Le désengagement relatif de l’armée américaine de la région du Golfe et du Moyen-Orient en général répond à une promesse de campagne de Biden. Mais en réalité, cette tendance existe depuis la présidence de Barack Obama (2009-2016), confirmée par son successeur Donald Trump (2017-2020) qui avait annoncé son intention de réduire la présence militaire américaine au Moyen-Orient à l’automne 2020. Outre la rivalité avec la Chine et la Russie pour la suprématie mondiale qui a pris le dessus sur les autres priorités de la politique étrangère américaine, Washington considère que l’importance stratégique de la région du Golfe a diminué, principalement en raison de l’augmentation constante de la production pétrolière américaine et de la diversification, qui va croissant, du marché mondial de l’énergie, notamment avec le développement des énergies renouvelables et vertes. Par conséquent, il croit que les intérêts américains peuvent être protégés à moindre coût et avec moins de risques et de ressources militaires. En plus, le locataire de la Maison Blanche estime que limiter l’exposition des forces militaires américaines dans le Golfe réduirait le risque de leur implication dans des conflits internes, comme c’était le cas en Iraq.

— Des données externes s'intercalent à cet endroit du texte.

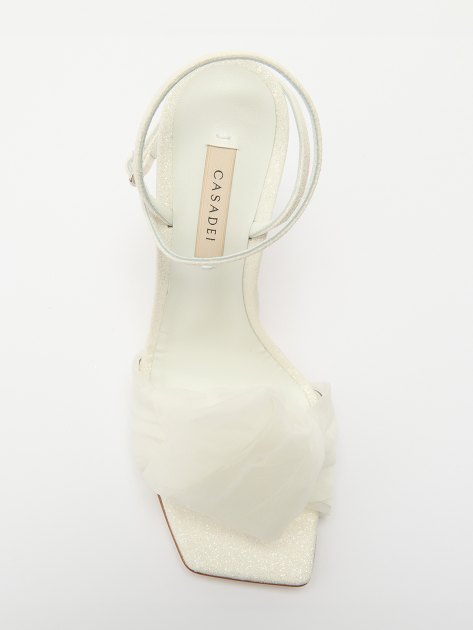 Босоножки CASADEI GERALDINE-HELEN, Артикул 1L220X100, белый | 3929012. Ракурс 2 Босоножки CASADEI GERALDINE-HELEN, Артикул 1L220X100, белый | 3929012. Ракурс 2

Malgré le déclin relatif de l’importance de la région du Golfe pour les Etats-Unis, ceux-ci continuent à y maintenir des intérêts qui justifient la poursuite d’une présence — quoique réduite — de forces américaines : le possible conflit avec l’Iran en raison de son programme nucléaire et de sa politique régionale, la nécessité de garder la stabilité du marché énergétique mondial et la lutte contre l’islamisme radical. Tant que persistent ces motifs, les Etats-Unis auront besoin de garder une présence militaire et un accès aux bases de la région.
Et c’est la taille de cette présence militaire qui fait débat aujourd’hui à Washington. L’Administration Biden s’emploie à la déterminer en fonction d’un calcul des intérêts américains dans la région, des menaces pesant sur ces intérêts et d’une évaluation des avantages, des coûts, des risques et des implications de chaque choix. Pour le moment, une unanimité se dégage sur deux questions. La première est que la fin prévue des opérations militaires américaines en Afghanistan et en Iraq impose une réduction importante des forces qui stationnent actuellement dans le Golfe. La seconde est que la baisse de cette présence militaire pourrait être compensée par des déploiements de forces par rotation en cas de menace aux intérêts fondamentaux des Etats-Unis.